Requirement:
Your copy of the data should match it exactly, except that the pictures are gone.

Stored data:
----------------

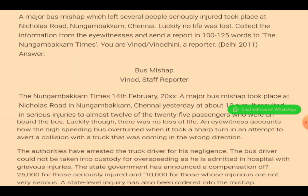The next topic is an important one that sometimes appears in exams. For example, a bus mishap - that means a bus accident or a road accident. These kinds of things can also be there. In a report, the types that can be asked include: a road accident, robbery, event, or camps. These four types of reports can be asked by the examiner. The question is: a major bus mishap which left several people seriously injured took place at Nicholas Road. So from the very first line, it is clear that you have to write about a bus accident.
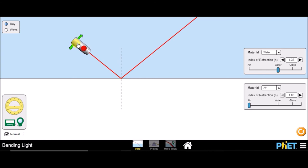Beyond this critical angle, if we increase the angle of incidence, the ray of light does not get transmitted at all — it gets reflected back into the same medium. You can also see that the angle of reflection equals the angle of incidence, so it follows the law of reflection as well. This phenomenon of light being reflected back into the same medium when traveling from an optically denser medium to an optically rarer medium is known as total internal reflection.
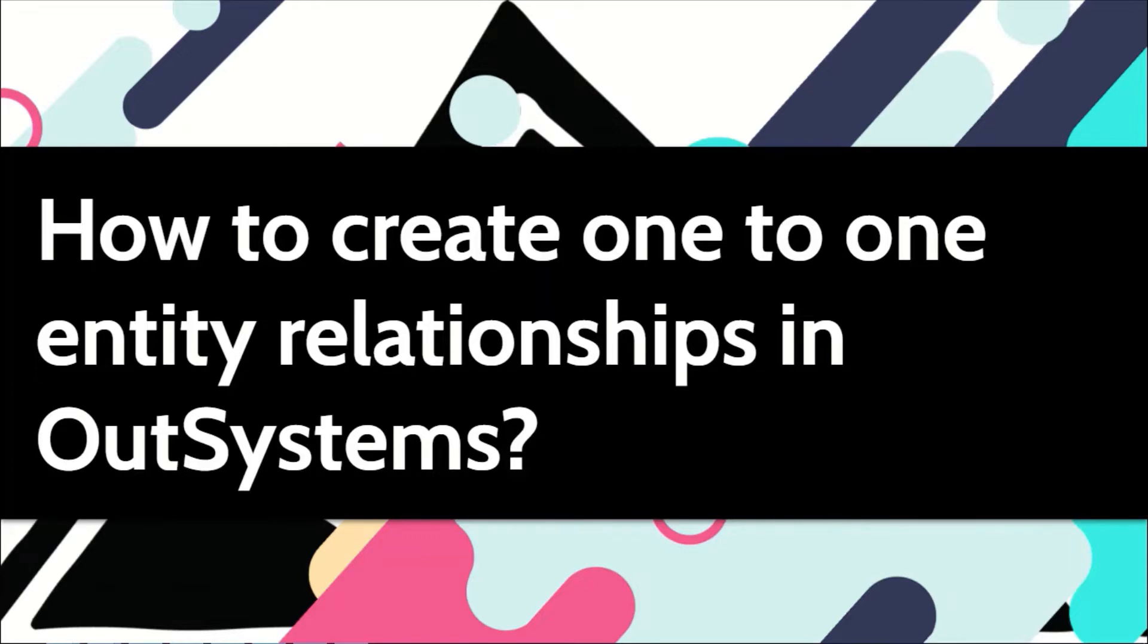If you see, it's usually used where you want to extend an entity for a different concept but you don't want to have multiples. Let's see in this video how we can create one-to-one relationships in OutSystems.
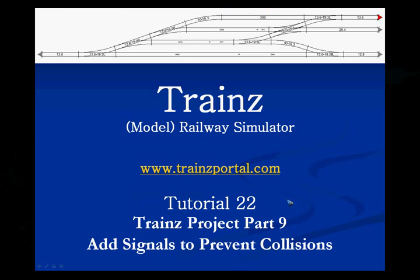Welcome to tutorial number 22 of the trains model railway simulator. In the previous tutorial, we took a look at five different potential methods to avoid the artificial intelligence driving your train backwards.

----------------

Task result:
The next topic is an important one that sometimes appears in exams. For example, a bus mishap - that means a bus accident or a road accident. These kinds of things can also be there. In a report, the types that can be asked include: a road accident, robbery, event, or camps. These four types of reports can be asked by the examiner. The question is: a major bus mishap which left several people seriously injured took place at Nicholas Road. So from the very first line, it is clear that you have to write about a bus accident.
Beyond this critical angle, if we increase the angle of incidence, the ray of light does not get transmitted at all — it gets reflected back into the same medium. You can also see that the angle of reflection equals the angle of incidence, so it follows the law of reflection as well. This phenomenon of light being reflected back into the same medium when traveling from an optically denser medium to an optically rarer medium is known as total internal reflection.
If you see, it's usually used where you want to extend an entity for a different concept but you don't want to have multiples. Let's see in this video how we can create one-to-one relationships in OutSystems.
Welcome to tutorial number 22 of the trains model railway simulator. In the previous tutorial, we took a look at five different potential methods to avoid the artificial intelligence driving your train backwards.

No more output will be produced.